The Problem With Commandments

I’m reading a book about the 10 commandments.  The book is old by many people’s standards, published in way back in 1999, by Hauerwas & Willimon.

I think I’m starting a journey to reading everything Hauerwas has written.  I started with his memoir last year at David Swanson’s suggestion.  Hauerwas makes Christianity seem both accessible and incredible for it’s simplicity.  He and Will Willimon often get together, join literary powers, and paint this faith beautifully.Station of the Cross

This slim volume on the commands is just as intriguing.  Their premise, or one of them, is that the commandments only make sense if we have as a background the vocation of worshipping God.  God is not to be helpful or responsive to us but worshipped.  God is, and creation worships.  In their own words:

The commandments are not guidelines for humanity in general.  They are a countercultural way of life for those who know who they are and whose they are.  Their function is not to keep American culture running smoothly, but rather to produce a people who are, in our daily lives, a sign, a signal, a witness that God has not left the world to its own devices.
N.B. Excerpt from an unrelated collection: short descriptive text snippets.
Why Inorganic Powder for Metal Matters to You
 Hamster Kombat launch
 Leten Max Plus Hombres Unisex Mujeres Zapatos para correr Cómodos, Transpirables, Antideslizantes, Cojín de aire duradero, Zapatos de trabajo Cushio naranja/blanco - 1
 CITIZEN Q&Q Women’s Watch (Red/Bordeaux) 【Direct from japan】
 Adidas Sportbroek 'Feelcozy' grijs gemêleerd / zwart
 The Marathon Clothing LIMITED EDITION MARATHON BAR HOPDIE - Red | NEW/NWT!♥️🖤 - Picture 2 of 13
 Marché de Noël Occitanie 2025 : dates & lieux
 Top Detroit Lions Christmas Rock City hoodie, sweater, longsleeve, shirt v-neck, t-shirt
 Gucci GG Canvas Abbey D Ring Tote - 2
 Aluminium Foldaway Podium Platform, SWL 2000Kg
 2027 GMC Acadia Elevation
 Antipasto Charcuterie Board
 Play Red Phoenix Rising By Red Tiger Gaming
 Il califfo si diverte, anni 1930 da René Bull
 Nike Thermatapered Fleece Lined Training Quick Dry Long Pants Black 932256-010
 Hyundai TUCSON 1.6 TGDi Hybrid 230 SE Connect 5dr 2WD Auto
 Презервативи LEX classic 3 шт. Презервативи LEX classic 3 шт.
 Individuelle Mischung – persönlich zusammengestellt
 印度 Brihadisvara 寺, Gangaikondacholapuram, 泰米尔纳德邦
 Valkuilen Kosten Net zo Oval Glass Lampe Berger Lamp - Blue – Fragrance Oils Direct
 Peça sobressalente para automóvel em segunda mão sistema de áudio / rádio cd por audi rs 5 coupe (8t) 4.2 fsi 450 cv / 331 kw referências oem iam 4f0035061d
You may disagree, but those sentences clarify the ten words (another way of talking about the commands is by using the earlier phrase “ten words”), but they also make them that much more dubious in that clarity.  They are both sensible and nonsensical, which is how they come to the language of these acts being countercultural.

This quote below is actually about an early theologian, Thomas Aquinas, and their summary of something Aquinas said.  But the quote is searching me right up through here.  It is in the chapter on the fifth commandment not to murder.  By this point in the chapter, they’ve hinted at how murder is a term that captures all kinds of killing and that they scripture’s intent is both external and internal.  So think about behaviors and thoughts:

Aquinas does not mean that we are not to feel righteous indignation against injustice, but rather that we are to develop among ourselves those virtues that free us from temptation to envy and self-importance, which so often lead to presumptions that we have been grievously wronged.

I’m thinking about this in relation to being a father, thinking about this as a leader, as a husband, as an opinionated person.  And the less the commandments are about the external only (i.e., murdering a person), the more challenging they become.  I’m pretty sure I’ll see coming the whole me-murdering-somebody-thing.  It’s external.  But the internal killing is taken up into this commandment, too, and when I believe that, when I believe that God who is concerned for thoughts from afar or “lust” as Jesus has so said, I have an existing problem with the commandments.  I feel both inspired to live into this vocation as a person before God and knocked to my knees.  At some point, I get really thankful that grace is both fulfilling and inspiring.  At some point.  For now, I taste that problem on my tongue.